▶ _Record set_
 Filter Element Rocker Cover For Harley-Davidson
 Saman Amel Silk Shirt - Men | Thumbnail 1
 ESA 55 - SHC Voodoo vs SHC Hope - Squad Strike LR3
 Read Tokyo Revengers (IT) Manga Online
...
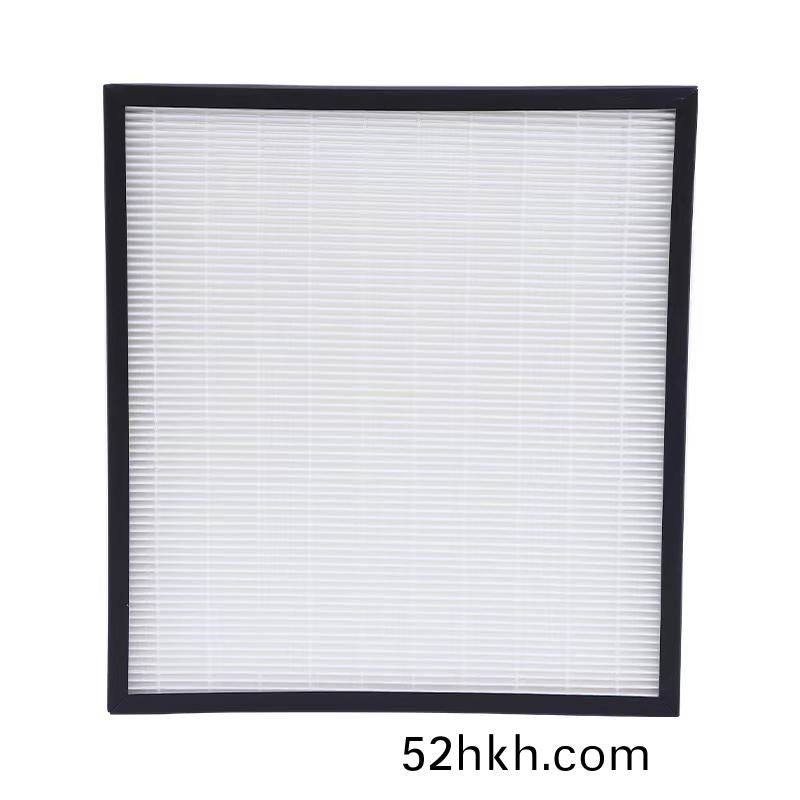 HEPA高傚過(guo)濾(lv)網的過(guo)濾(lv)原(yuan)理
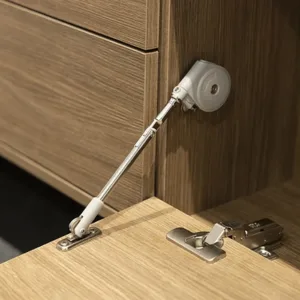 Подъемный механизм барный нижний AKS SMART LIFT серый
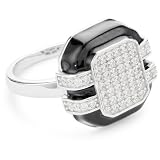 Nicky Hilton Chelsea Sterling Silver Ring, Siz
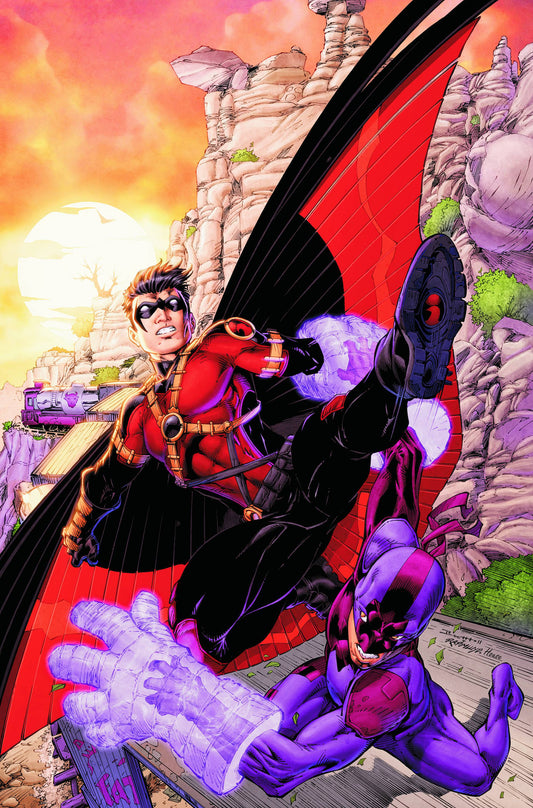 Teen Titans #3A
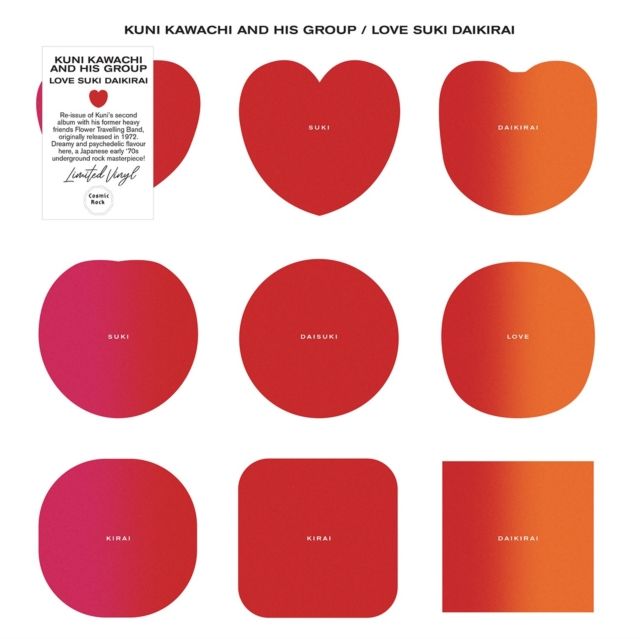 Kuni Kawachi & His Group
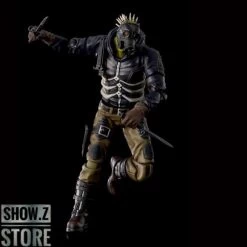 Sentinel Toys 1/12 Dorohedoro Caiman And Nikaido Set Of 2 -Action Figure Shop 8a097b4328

▶ _Assignment_
Transcribe the listing above exactly, but only from the line with "Teen Titans #3A" through the line with "Sentinel Toys 1/12". Include both of those lines and omit the pictures.

▶ _Output for this task_
 Teen Titans #3A
 Kuni Kawachi & His Group
 Sentinel Toys 1/12 Dorohedoro Caiman And Nikaido Set Of 2 -Action Figure Shop 8a097b4328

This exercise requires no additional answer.